The name Al Fatah is a reverse acronym for the Arabic phrase “Harakat al-Tahir al Watani al Filastini” (“Movement for the National Liberation of Palestine”). The members reversed the initial letters of the words to form “Fatah,” which means “Victory” in Arabic. Al Fatah gained the support of Syria and emerged from the underground in December 1964, when members blew up a water-pump installation in Israel. In following years, Fatah members continued to infiltrate and attack Israel, entering from Lebanon or Jordan.

After Israel won the Six-Day War in 1967 and occupied the Sinai peninsula, the Golan Heights, the Gaza Strip, and the West Bank, Fatah leaders recruited Palestinians displaced by the war. Al Fatah established guerrilla-training centers in Lebanon and Jordan and increased the raids on Israel, provoking many counterattacks. Throughout the 1960s and 1970s, Al Fatah also offered training to terrorist groups from around the world.

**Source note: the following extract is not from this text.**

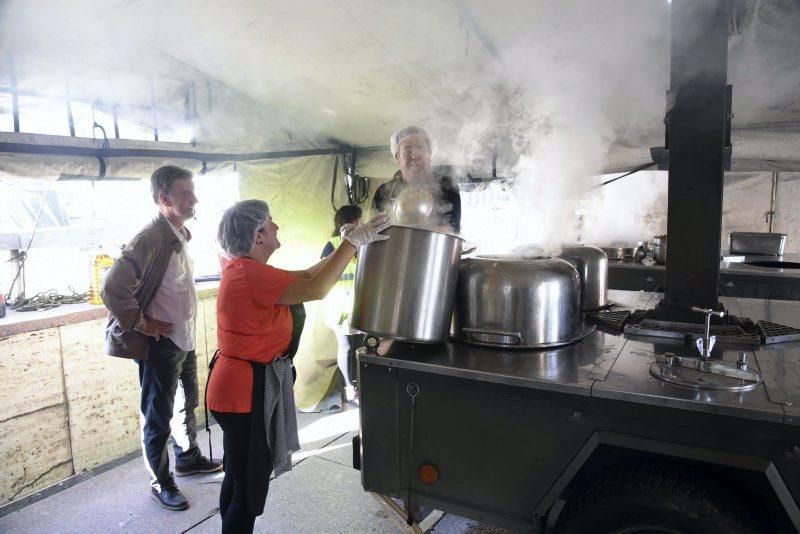 Miles de personas comen en la plaza del Pilar alimentos que iban a desecharse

In a 1968 battle in the town of Karameh, Jordan, Al Fatah held off an Israeli counterattack. As accounts of the standoff spread, Al Fatah gained prestige and Arafat garnered international attention. The number of volunteer Fatah fighters swelled. Al Fatah joined the PLO in 1969, and Arafat was elected chairman of the PLO's executive committee. Upon his election, Arafat reportedly declared, “Armed struggle is the only way. We reject all political settlements.”

Jordan's Army clashed with the PLO in the early 1970s and overpowered the group, expelling it from that country. A radical splinter group of Al Fatah, Black September, emerged in 1971; Black September was responsible for the Munich Olympics massacre in 1972, as well as other terror attacks against Israel. Meanwhile, the PLO moved its base to Lebanon, where it became embroiled in Lebanon's prolonged civil war. In 1982, after Israel invaded Lebanon, the group evacuated Beirut under international guarantees of safety.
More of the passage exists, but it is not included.